In all, and with midday counts on the East Coast, Kennedy totals of 599,000 votes. That's almost as many as those for the Green candidate, Jill Stein, who barely topped 600,000.

They are also more than those of the Libertarian candidate, despite the fact that Robert Kennedy Jr. abandoned the electoral race and asked his followers loud and clear to vote for Donald Trump. Half a million of them did not understand him correctly.

Despite this, Donald Trump managed to position himself as the winner in all the swing states. In Wisconsin and Michigan, Kennedy was on the ballot.

In the city of Detroit, 26,694 votes went to Kennedy. This figure represents almost a third of the margin that Trump currently has over Harris.

In turn, in Wisconsin, 17,675 votes were cast for Kennedy Jr., representing 0.5% of the total votes counted. In this case, where Harris is trailing Trump by only 30,000 votes, the presence of Kennedy on the ballot could have really hurt Donald Trump.

It happened in two states where some polls were projecting a 1- to 2-point lead to the Democrat, and others at least a tough battle to take the electoral votes.

However, with the same data in the other states, even a Harris victory in Wisconsin and Michigan with the Kennedy factor would not have got the Democrat to the 270 electoral votes needed to reach the White House.

Present in 32 states

Kennedy Jr. was on the ballot in every state except Arizona, Florida, Georgia, Maine, Massachusetts, Missouri, Missouri, Nebraska, Nevada, New Hampshire, New York, North Carolina, North Dakota, Ohio, Pennsylvania, South Carolina, Texas, Virginia and Wyoming.

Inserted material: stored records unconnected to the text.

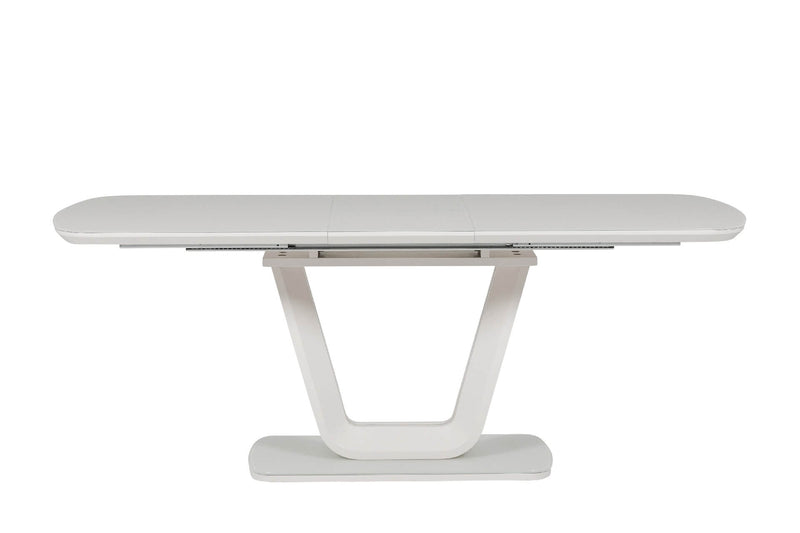 Levanto 1.2m Extending Dining Table - Latte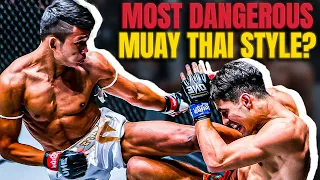 Superlek's DANGEROUS Muay Thai Style 🇹🇭🦵💥
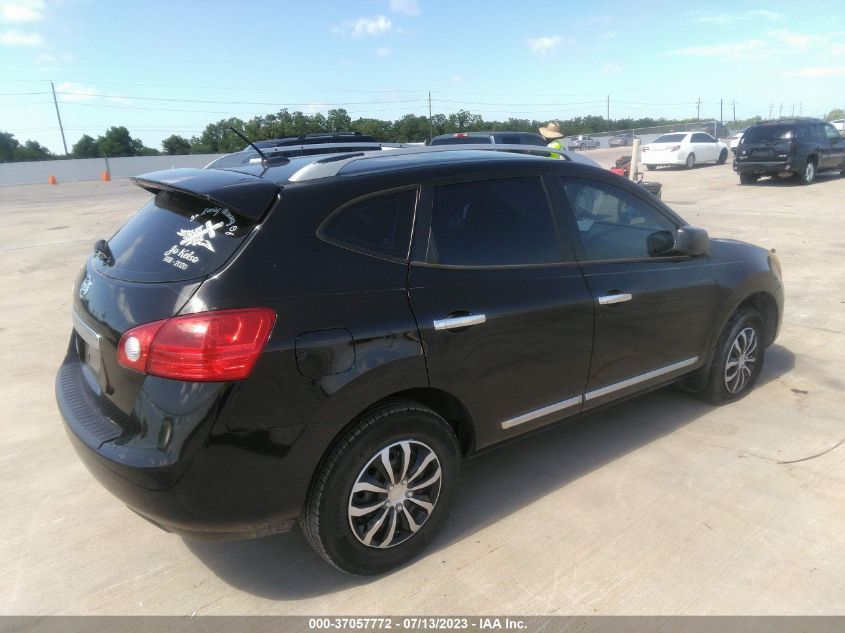 2014 NISSAN ROGUE SELECT S - JN8AS5MT7EW608932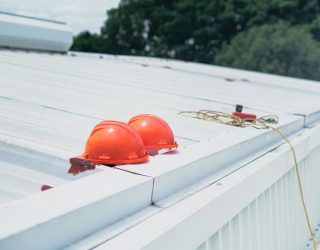 toiture bac acier charpente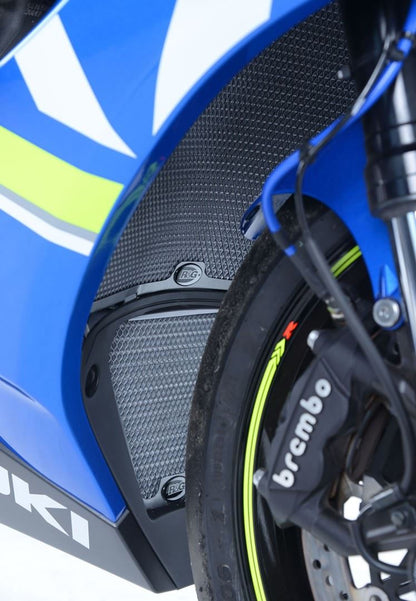 Radiator Guard for Suzuki GSXR1000 '17- '24 (L7) / GSX-R1000R '17- '24 Colour: Black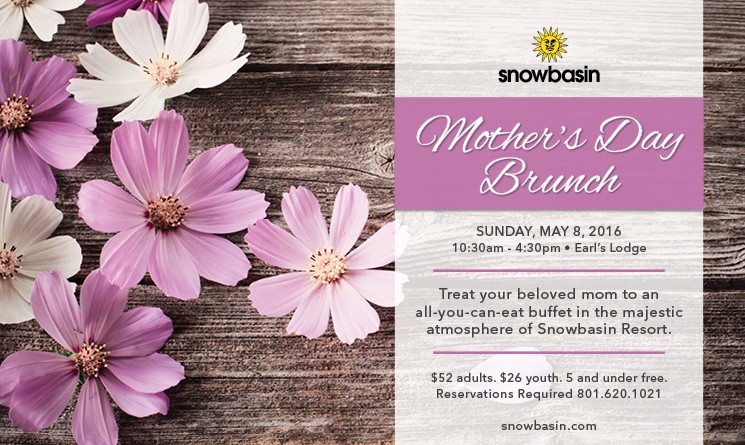Snowbasin Mother's Day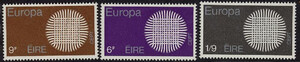 Irlandia Mi.0239-241 czyste** Europa Cept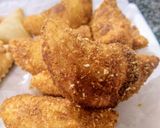 A picture of step 12 of Prawn Moons.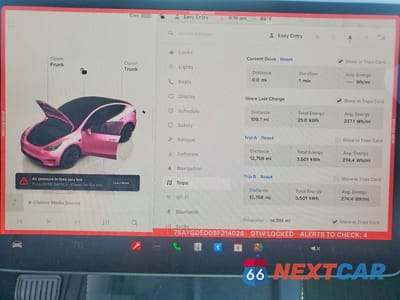 Zdjęcie 9 z 12 samochodu: 2025 TESLA MODEL Y VIN:7SAYGDED0SF314028 - miniatura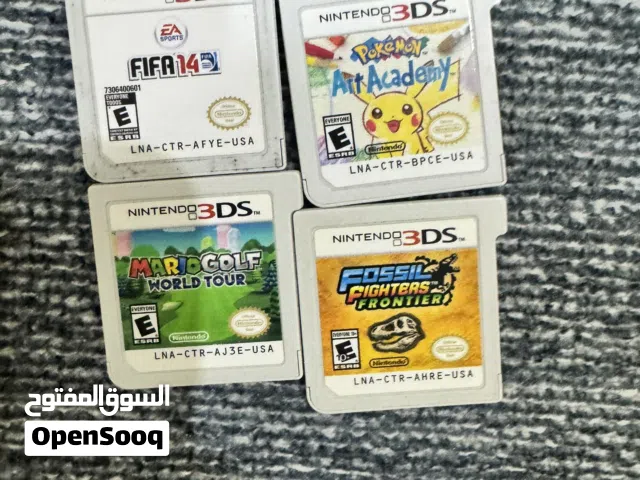 3ds loose games/ 3ds العاب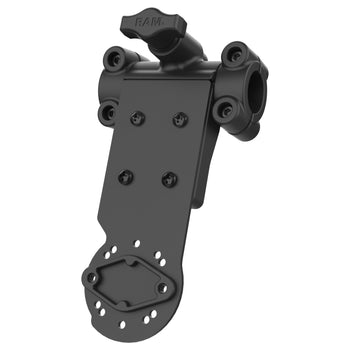 RAM-TB-FH1-1P1U:RAM-TB-FH1-1P1U_1:RAM Friction Hinge Mount with AMPS Bracket for Tough-Bar™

On the ballot by judge's decision

In October of this year, the Supreme Court rejected an emergency appeal to keep Kennedy off the Wisconsin and Michigan ballots.

Kennedy argued that keeping his name on the ballot violated his First Amendment rights by wrongly implying that he still wanted to be elected president.

Michigan and Wisconsin said removing his name so late in the election cycle, with early voting already underway at that point, would be impossible.

In Michigan, more than 1.5 million people had already returned their mail-in ballots and another 264,000 had voted early, the state's lawyers wrote in court documents.

In Wisconsin, more than 858,000 people have returned their mail-in ballots. The justices did not detail their reasons in an order rejecting the emergency appeal.